Syed Sibtain, Khan Khalil, Khan Maqbool, Khan Rehan Ullah, Aloraini Abdulrahman
Department of IT & CS, Pak-Austria Fachhochschule Institute of Applied Sciences and Technology, Haripur, KP, Pakistan.
Department of Computer Science, School of Engineering and Digital Sciences, Nazarbayev University, Astana, Kazakhstan.
PeerJ Comput Sci. 2024 Jul 11;10:e2124. doi: 10.7717/peerj-cs.2124. eCollection 2024.
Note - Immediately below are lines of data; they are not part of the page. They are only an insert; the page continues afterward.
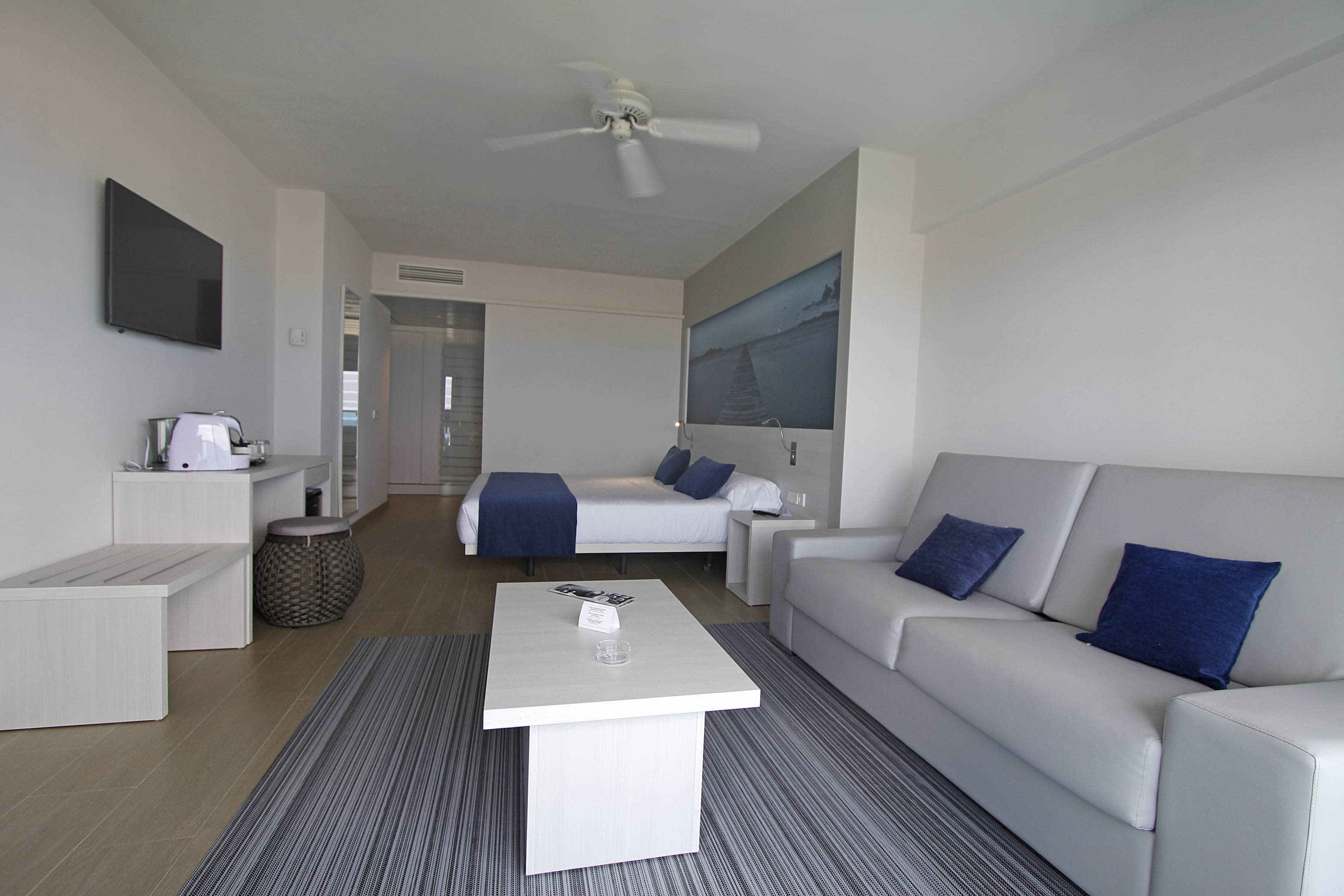 BG Tonga Tower Design Hotel & Suites Ansicht 4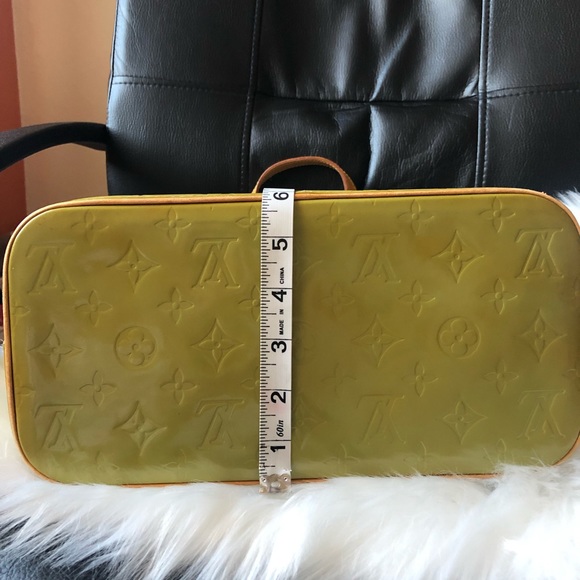 Authentic Louis Vuitton Huston Vernis bag - Picture 16 of 16
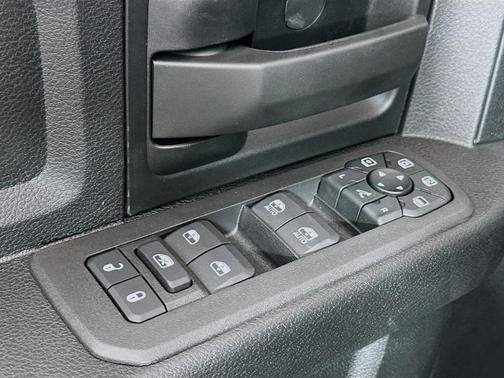 Diamond Black 2026 RAM 2500 Tradesman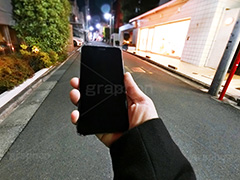 歩きスマホ,歩き,スマホ,スマートフォン,デジタル,危険,注意,ながら,連絡,いじる,操作,指,タップ,フリック,tap,smartphone,phone,digital,manner,マナー,ルール,手,hand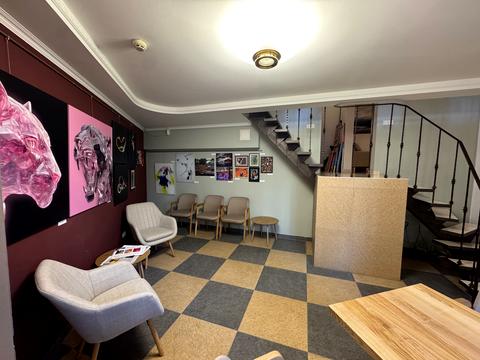 коммерческая по адресу Вячеслава Черновола ул., 2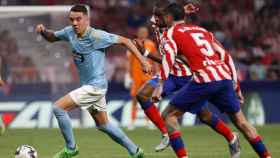 El jugador del Celta, Iago Aspas, contra el Atlético de Madrid EFE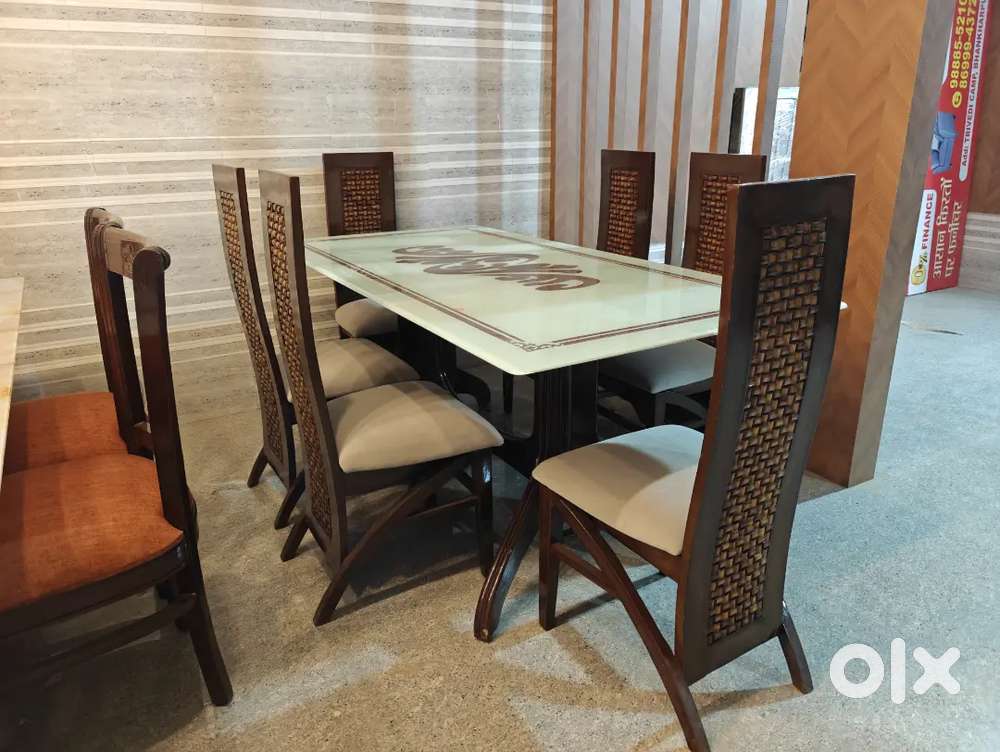 Dining table teak heavy at minimum rates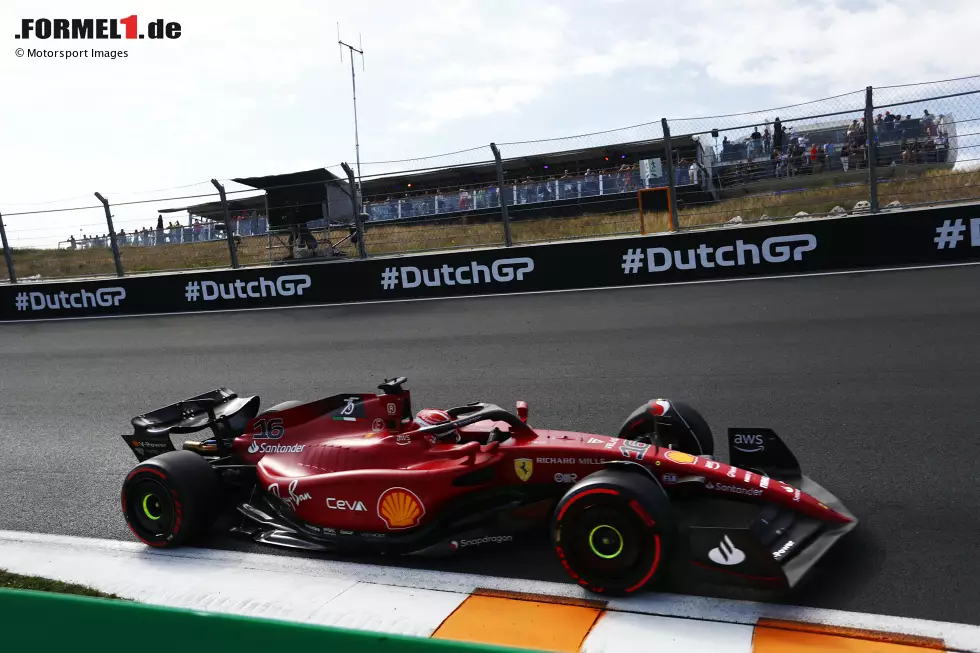 ... Charles Leclerc im Ferrari F1-75, mit 1:12.345 Minuten auf Soft-Reifen. Er liegt damit nur 0,004 Sekunden vor Carlos Sainz im zweiten Ferrari und 0,072 Sekunden vor Lewis Hamilton im Mercedes W13. Hamilton übrigens ... Foto zur News: ... Charles Leclerc im Ferrari F1-75, mit 1:12.345 Minuten auf Soft-Reifen. Er liegt damit nur 0,004 Sekunden vor Carlos Sainz im zweiten Ferrari und 0,072 Sekunden vor Lewis Hamilton im Mercedes W13. Hamilton übrigens ...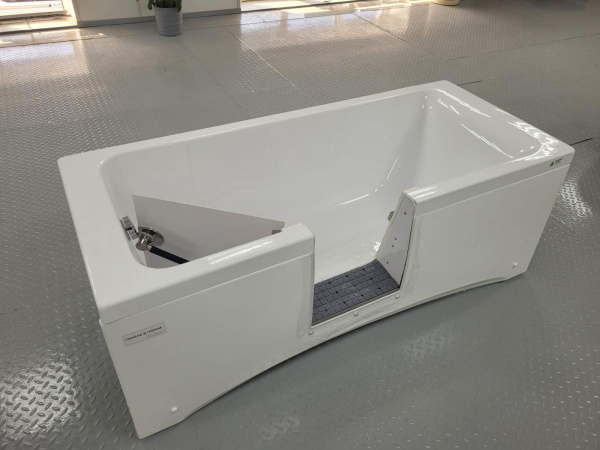 Ванна для инвалидов и пожилых с дверцей лежачая с дверцей 1500х700х660 мм СЛИВ СЛЕВА(Эконом) 21195 фото  в интернет-магазине Санкомп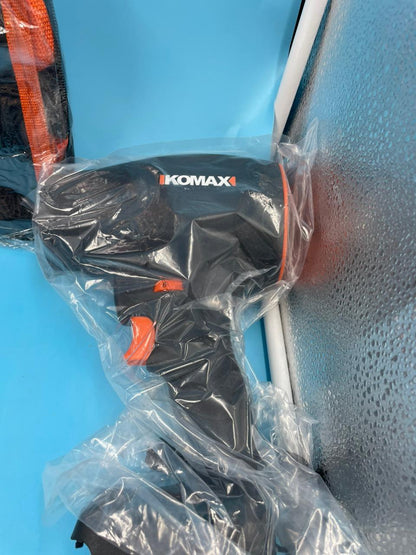 Soplador de hojas inalámbrico KOMAX, tubo soplador y 2 baterías.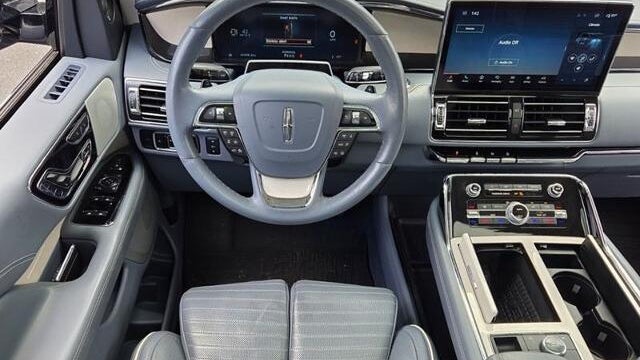2024 Lincoln Navigator Black Label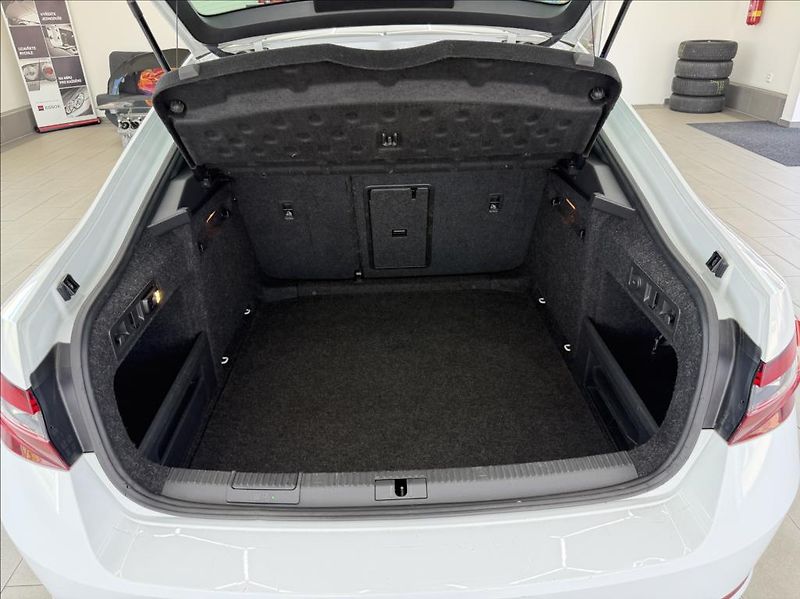 Škoda Superb 2,0 TDi, Sportline, Navi, DSG - fotka 36 z 36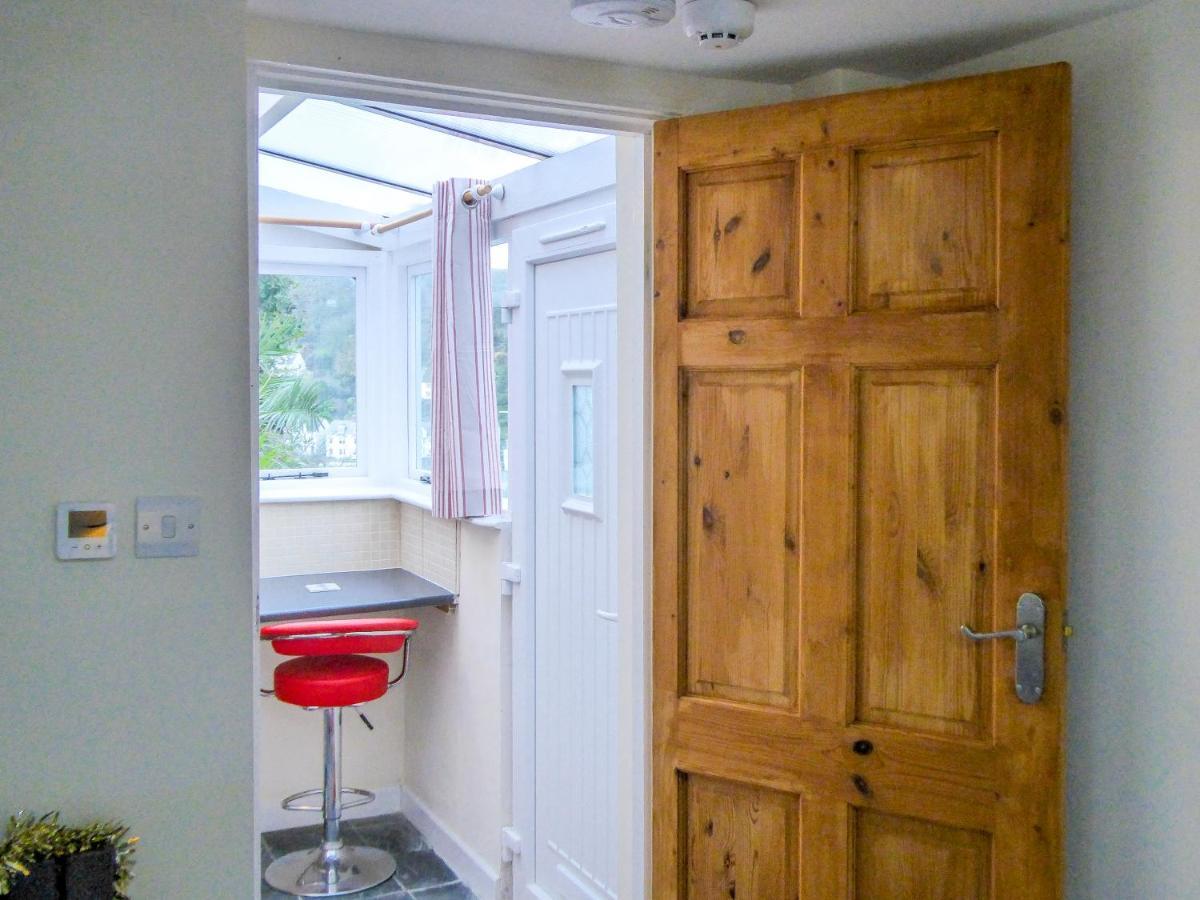 Apartamento Looe Self Catering Exterior foto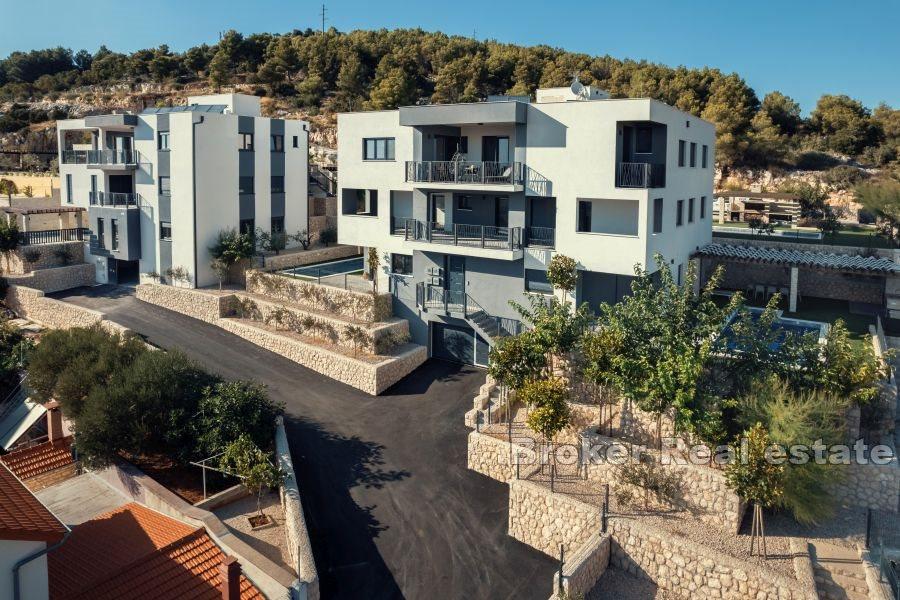 Exclusive four-bedroom apartment with swimming pool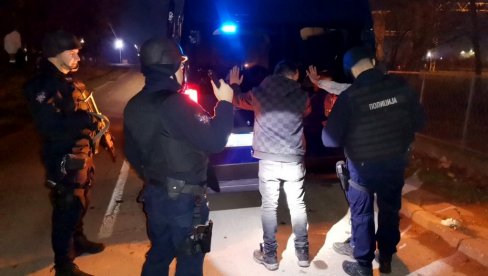 ПОГЛЕДАЈТЕ СНИМАК НОВЕ АКЦИЈЕ ОПЕРАТИВНЕ УДАРНЕ ГРУПЕ: Мигрант бежао и бацио нож, током ноћи пронађена и пушка (ВИДЕО)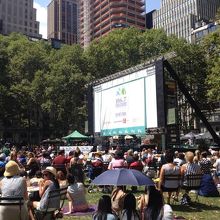 公園内の特設ステージ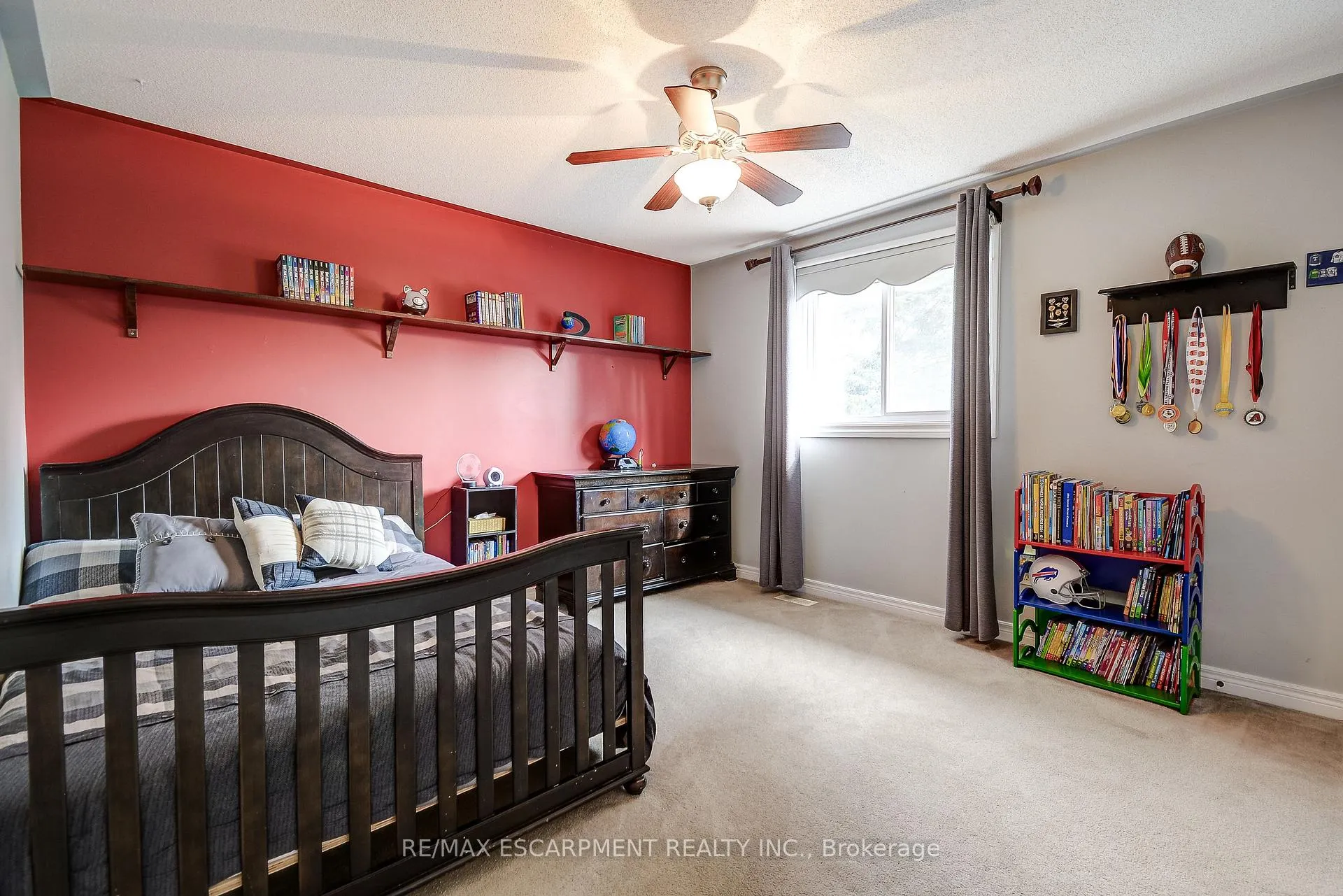 Photo 29 of 20 Derbyshire Street, Hamilton, Ancaster — HOMEH
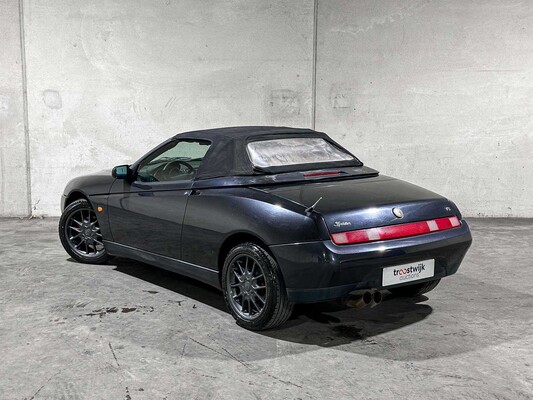Alfa Romeo Spider V6 12V 192pk 1997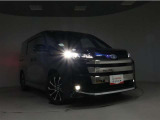 高輝度で点灯速度が速いLEDヘッドライト装備!LEDの明るい光が走行中の視界の確保をサポートして、夜のドライブがより楽しく安全に運転できます♪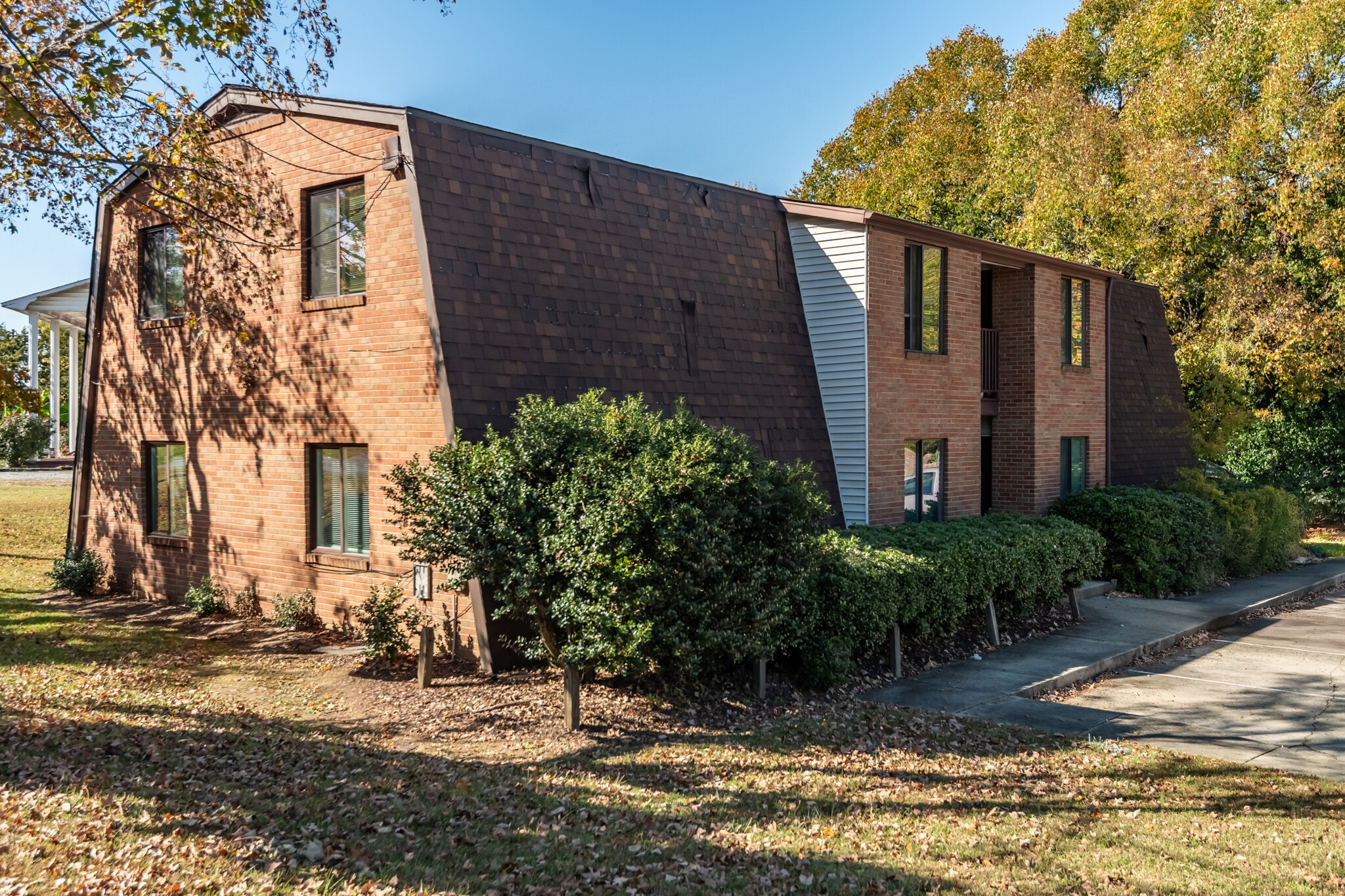 Building Photo - 511 Poplar St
Pashtu is one of the most widely spoken languages in south-east Asia. Pashtu Numerics recognition poses challenges due to its cursive nature. Despite this, employing a machine learning-based optical character recognition (OCR) model can be an effective way to tackle this issue. The main aim of the study is to propose an optimized machine learning model which can efficiently identify Pashtu numerics from 0-9. The methodology includes data organizing into different directories each representing labels. After that, the data is preprocessed , images are resized to 32 × 32 images, then they are normalized by dividing their pixel value by 255, and the data is reshaped for model input. The dataset was split in the ratio of 80:20. After this, optimized hyperparameters were selected for LSTM and CNN models with the help of trial-and-error technique. Models were evaluated by accuracy and loss graphs, classification report, and confusion matrix. The results indicate that the proposed LSTM model slightly outperforms the proposed CNN model with a macro-average of precision: 0.9877, recall: 0.9876, F1 score: 0.9876. Both models demonstrate remarkable performance in accurately recognizing Pashtu numerics, achieving an accuracy level of nearly 98%. Notably, the LSTM model exhibits a marginal advantage over the CNN model in this regard.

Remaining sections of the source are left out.